I observed the swiftest of spritz-making masterclasses the other day, in the bar at the foot of the Accademia Bridge, where the ancient knowledge was being passed on to a young apprentice. I admired its almost Zen-like simplicity :-

Put ice cubes in glass
Apply three second burst from white wine tap
Hold bottle of Campari upside down. Keep it there for three seconds
Fill up remaining space with three seconds worth of sparkling water
Plop slice of lemon in

The three second rule seemed almost perfect so I gave it a go at home. Sadly, it doesn't really work without proper bar equipment to control the flow. Or maybe I just needed a bigger glass. Nevertheless, whenever I see one being made in the future, I shall look for the count of three as a sign of quality control.

Monday, 30 June 2014

A walk through Milan

I get up at early o'clock on Thursday morning. We're supposed to be going back to the UK for a short break, and my passport is not going to be renewed in time. Which means getting an emergency travel document, and a visit to the British Consulate in Milan.

A lot of people - mainly Italians - give the train service here a hard time; but to a Brit it seems comfortable, efficient, and - above all - cheap. A return to Milan - a journey of 2.5 hours - costs me 19 euros. Next week, we'll pay not far short of twenty quid to go from Edinburgh to Glasgow, a distance of little more than forty miles.

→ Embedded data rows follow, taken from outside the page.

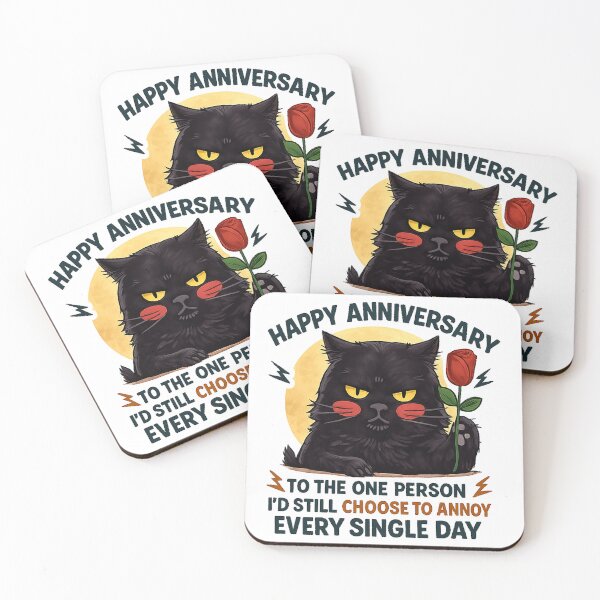 Item preview, Happy Anniversary To The One Person I'd Still Choose To Annoy Every Single Day designed and sold by HaydenMillepied.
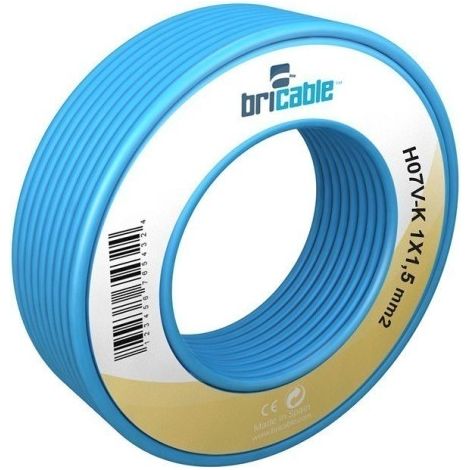 Cable Elec Hilo Flexible H07V-K Bricable 1X1,5Mm Az 100 Mt
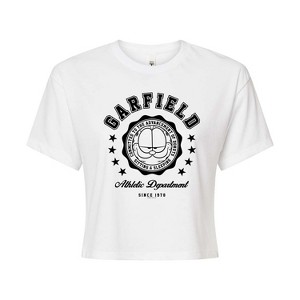 Women's - Garfield - Varsity Seal Cropped Graphic T-Shirt - 1 of 4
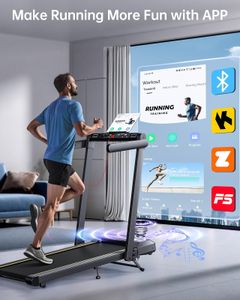 2-in-1 Folding Treadmill – 2.5HP Motor, Compact Home Fitness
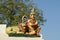 Traditional statues of gods and goddesses in the Hindu temple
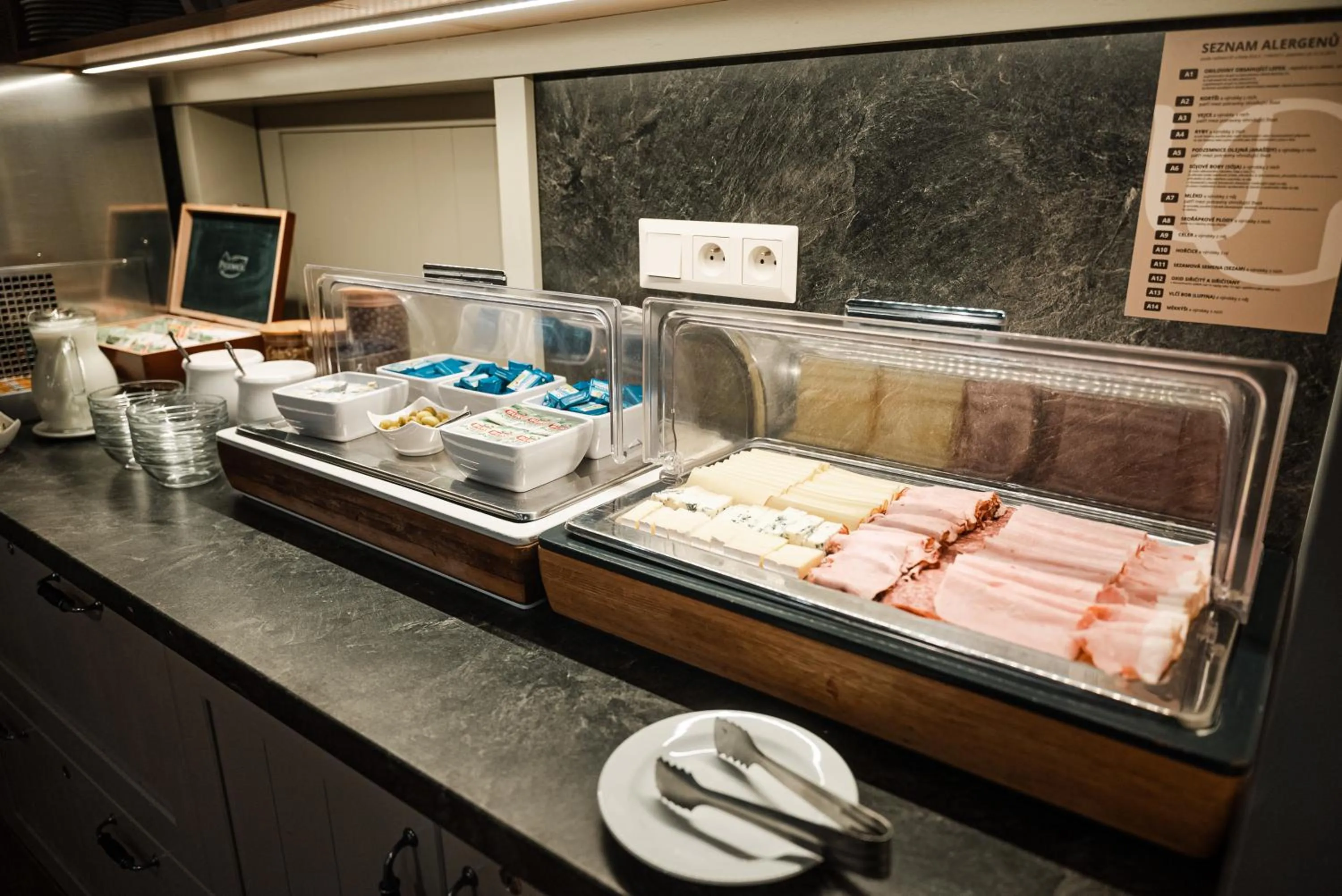 Food and drinks in Wellness penzion U GIGANTU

I snooze the whole way, disembark sleepily, take a look around my surroundings and...wow...

I've been to Grand Central, New York. Port Talbot Parkway has its discreet charms. But Milan Central is something else. Compromised as it is by the profusion of advertising hoardings and shops, it's impossible not to be overwhelmed. The architectural style is a mixture of Art Deco, mock-classical and just a little bit fascist. If the Romans, at the height of the Empire, had invented rail travel, they would have built stations like this.

My appointment at the Consulate is quick, efficient and friendly. I have to say it's possibly the best customer service I've received anywhere. So it leaves me with rather a lot of time to kill. A whole day to pass in Milan, and I've not really thought about what to do...

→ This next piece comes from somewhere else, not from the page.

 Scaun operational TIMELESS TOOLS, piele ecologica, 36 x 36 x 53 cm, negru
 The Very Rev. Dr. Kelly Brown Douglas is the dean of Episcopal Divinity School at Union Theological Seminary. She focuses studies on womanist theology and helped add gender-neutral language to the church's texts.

I start with the cathedral. Well, you know what it looks like; this incredible statue-laden gothic structure. What you might not know is that it took over five centuries to complete. And what I certainly didn't know is that its completion is down to none other than - Napoleon Bonaparte! That's right, the very same fellow responsible for disestablishing and demolishing so many historic churches in Venice, who swore he would be "an Attila to the Venetians",  was responsible for the final completion of this extraordinary building. Possibly due to the fact that he wanted to be crowned King of Italy there, but still. As to the building itself..well, it would be silly to say it's underwhelming, although perhaps the fact that it is just so well known tends to make one a bit blase. I take a little time to wander around inside. The interior is dimly lit which makes it a bit difficult to get a proper look at the art. The stained glass is lovely, although comparatively new, but there's also a lot of restoration work going on at the moment. The presence of fork-lift trucks and cranes is intrusive, and doesn't make me want to linger. I light a candle for Helen, and take my leave.

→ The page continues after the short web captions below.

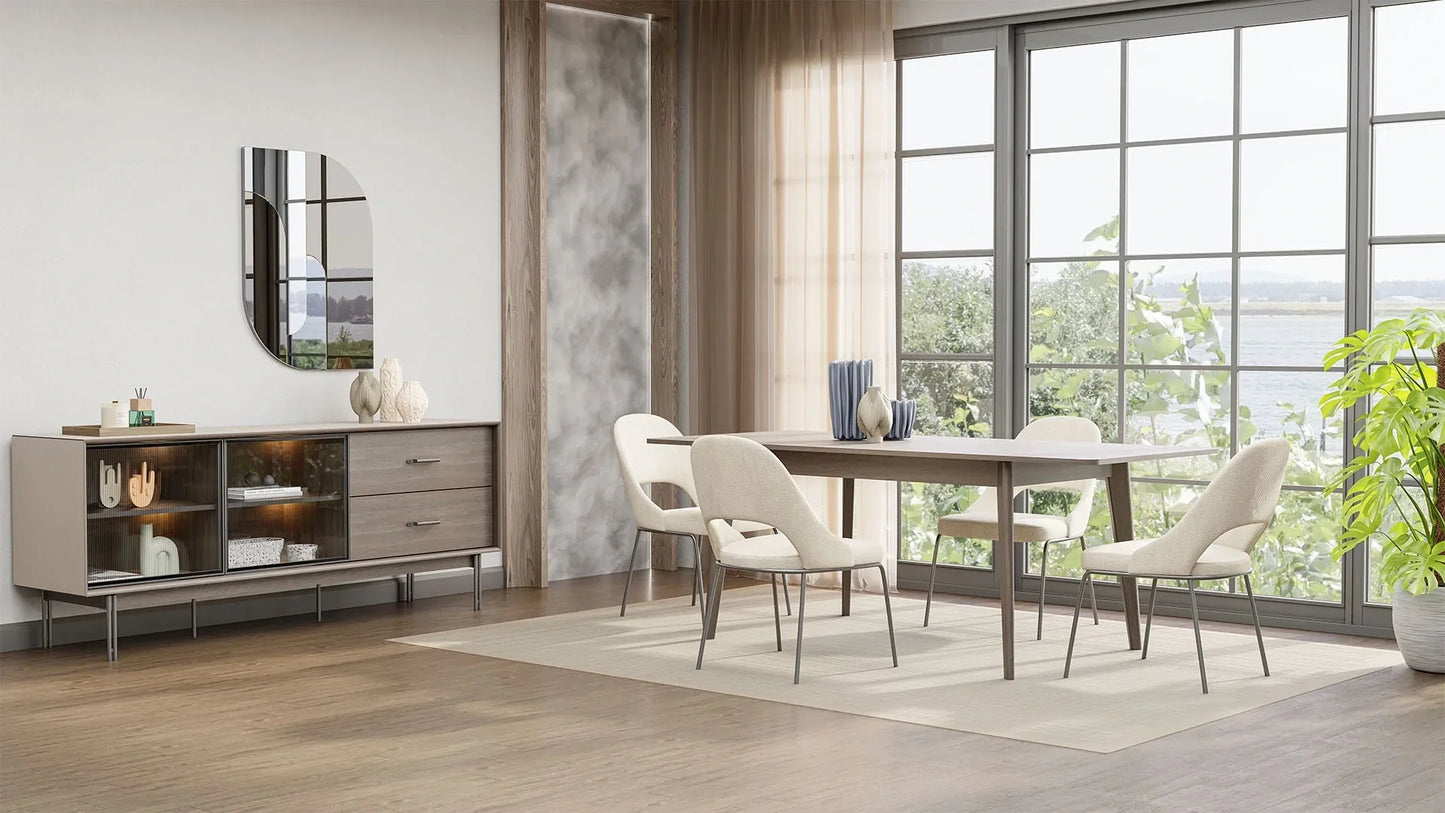 Table à manger extensible Calista - 90x160 cm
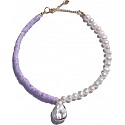 Gin from the Pampa Purple Pearl Necklace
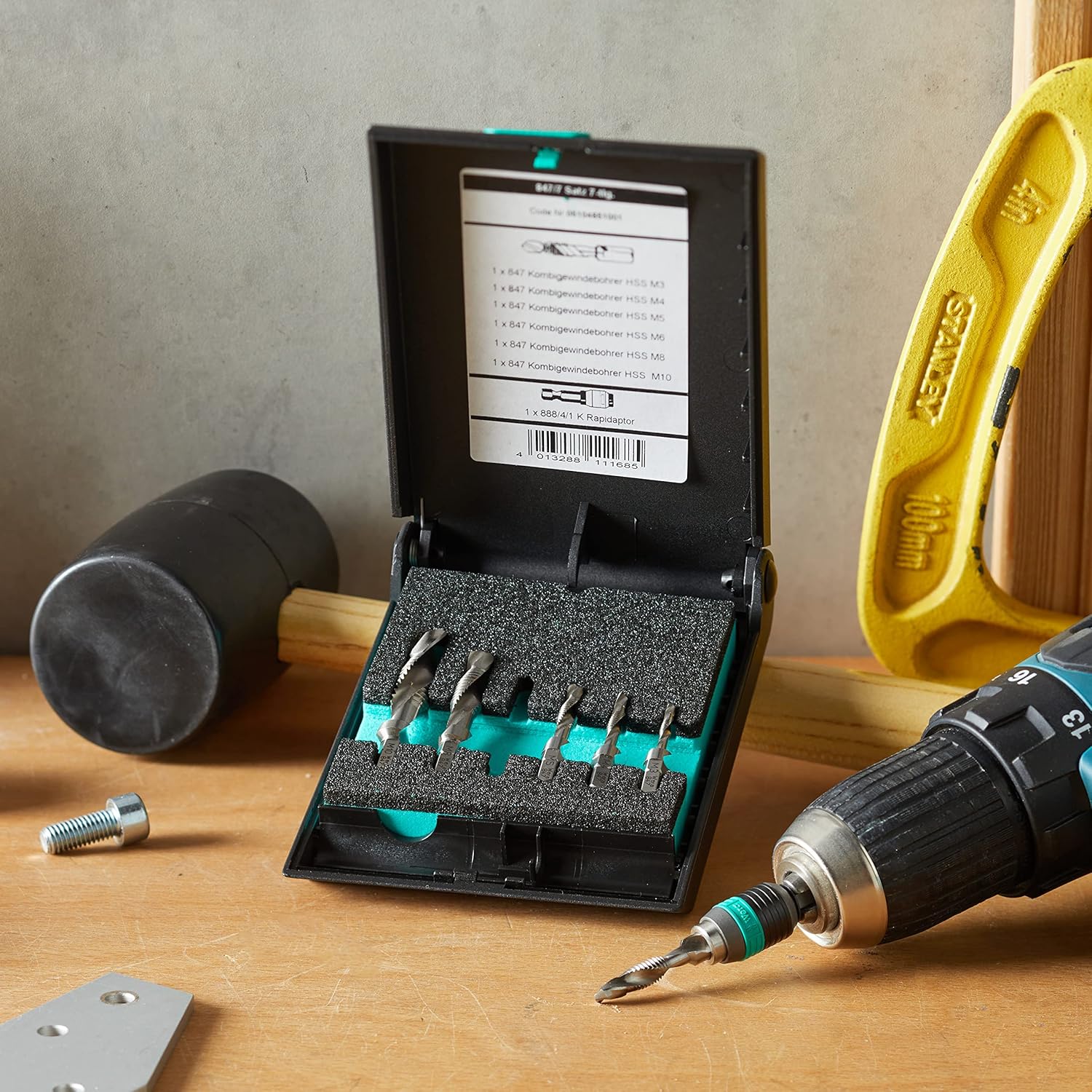Wera 05104651001, 847/7 SET COMBINATION DRILL BITS SET, 7 PIECES (Discontinued) - Image 8
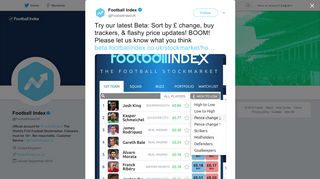 Football Index on Twitter: 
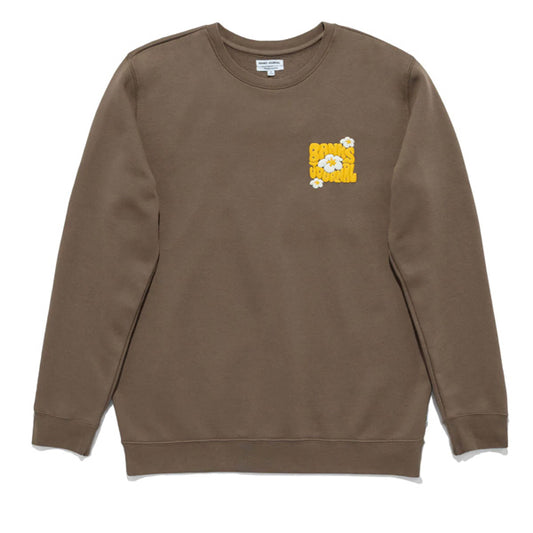 30% off sale! 70's Floral Fleece / Walnut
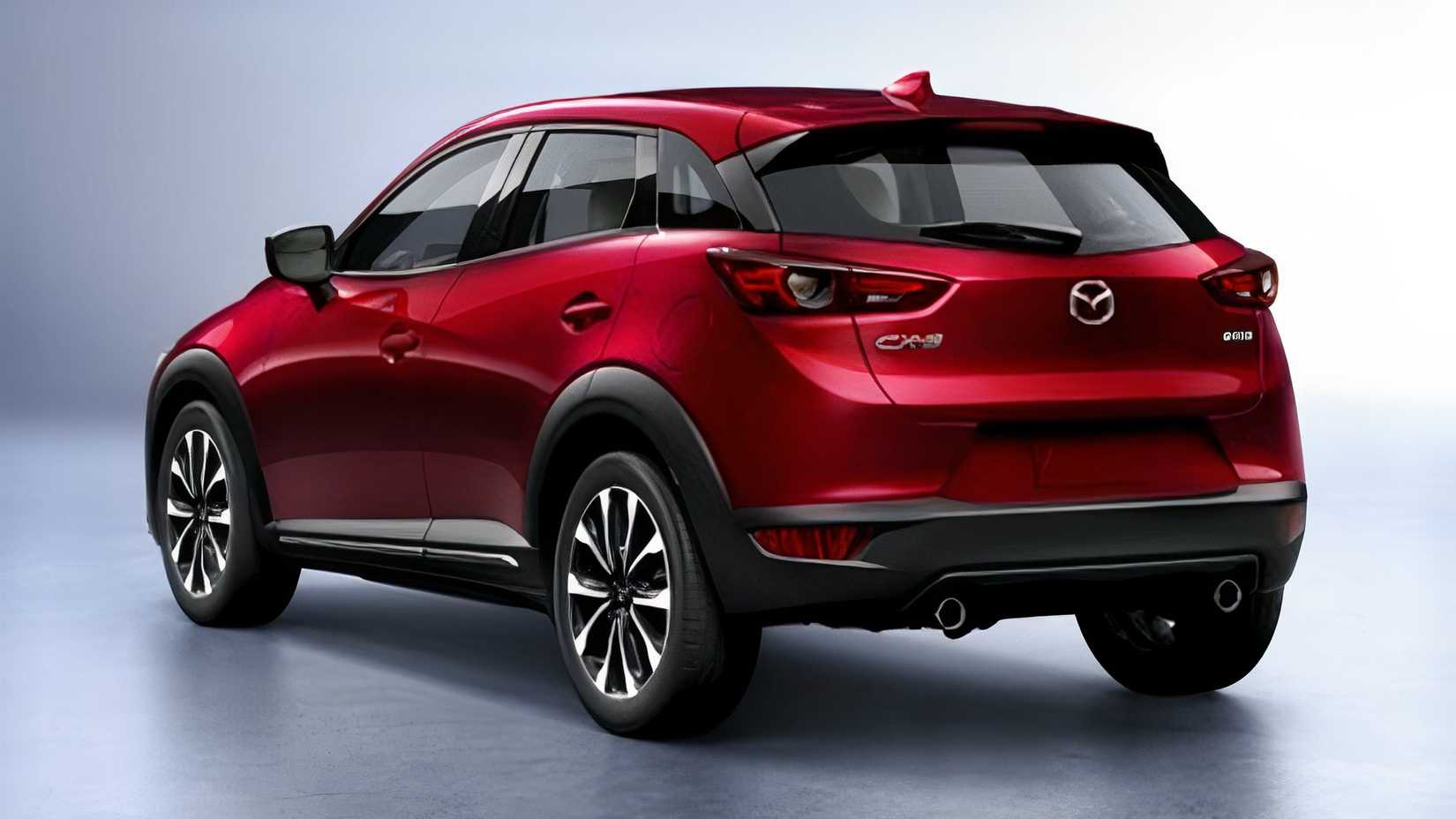 2019 Mazda CX-3 rear 3/4 shot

I walk back across the piazza. Turning back to look at the building, I notice this :-

- Samsung are contributing to the restoration, and it seems this entitles them to stick not just a big advertising hoarding but a giant video screen onto the side of the building. Venetians have been complaining about maxipubblicita for years now : they don't know how lucky they are.

From Piazza del Duomo, I start my walk through the Galleria Vittorio Emanuele II. Restoration work is going on, but it's still an impressive environment although the effect of the light is perhaps lost on a grey day like today.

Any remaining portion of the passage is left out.